It was, unfortunately, also the day that marked a big sadness in my life: the day I got rear-ended by a–not soccer mom, I was vehemently corrected–woman in her “athletic sport-abled transportation vehicle.” It caused a lot of issues, a lot of pain, and a lot of pure, utter, nonsense. It’s a part of my life I am hoping to put behind me.

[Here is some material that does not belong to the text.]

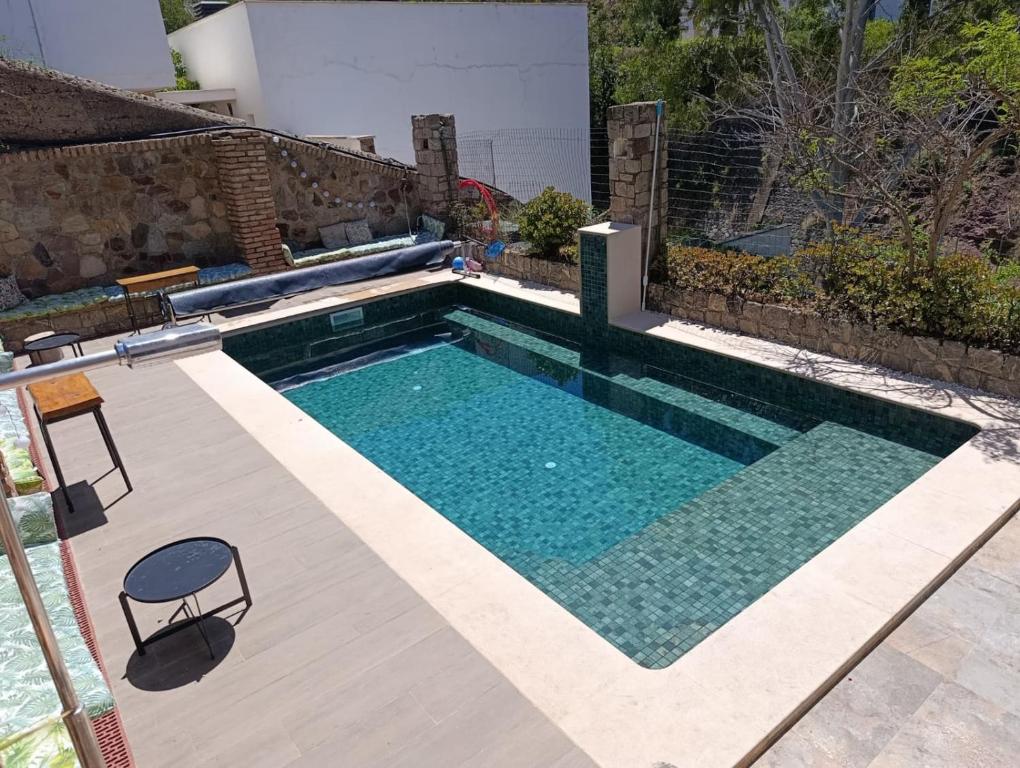 a swimming pool in the middle of a yard at Relax Ferrandiz in Málaga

Because of these things, May 3rd caused a lot of reflection for me. I will be twenty-eight in a scant few days. If my grandmother were here, she’d tell me I’m only a year away from her favorite age of twenty-nine. When I was little, I actually looked forward to getting to that age so I could tell people the same thing my grandmother told them all the way up until she passed: “I don’t care what my birth certificate says, I’m twenty-nine and holding.” This is the woman whose thick Brooklyn accent I adored to mimic, who always had a electronic gambling game in her purse, a cigarette in her hand, and lipstick on her glass.

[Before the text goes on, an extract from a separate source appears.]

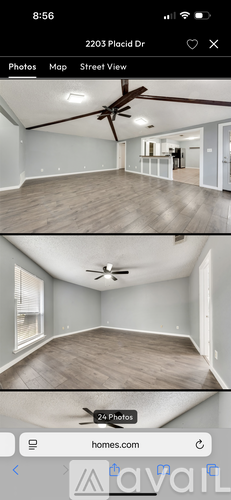 A mobile phone displaying a real estate app with a photo of an empty room.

It’s amazing the things you think about around birthdays, isn’t it?

These days it doesn’t feel like I have time for anything. Much less for reflection, so the third was an interesting–albeit it bittersweet–period. About a year and a eight months ago, I graduated from college. Half a year after that, I started working as a proofreader. About eight months ago, I got married. Three months ago, I got promoted to editor. About two months ago, I started editing job number two, and hell if my days haven’t just been a whirlwind since then. Working in your industry is great; it’s what you strive for. Of course, the pay doesn’t really cut the mustard some days, and your workload is shit, but the thing is, you adore what you do. And I do. I don’t mind filling my days with editing and my downtimes with video games… but it doesn’t leave much time for my writing stuff.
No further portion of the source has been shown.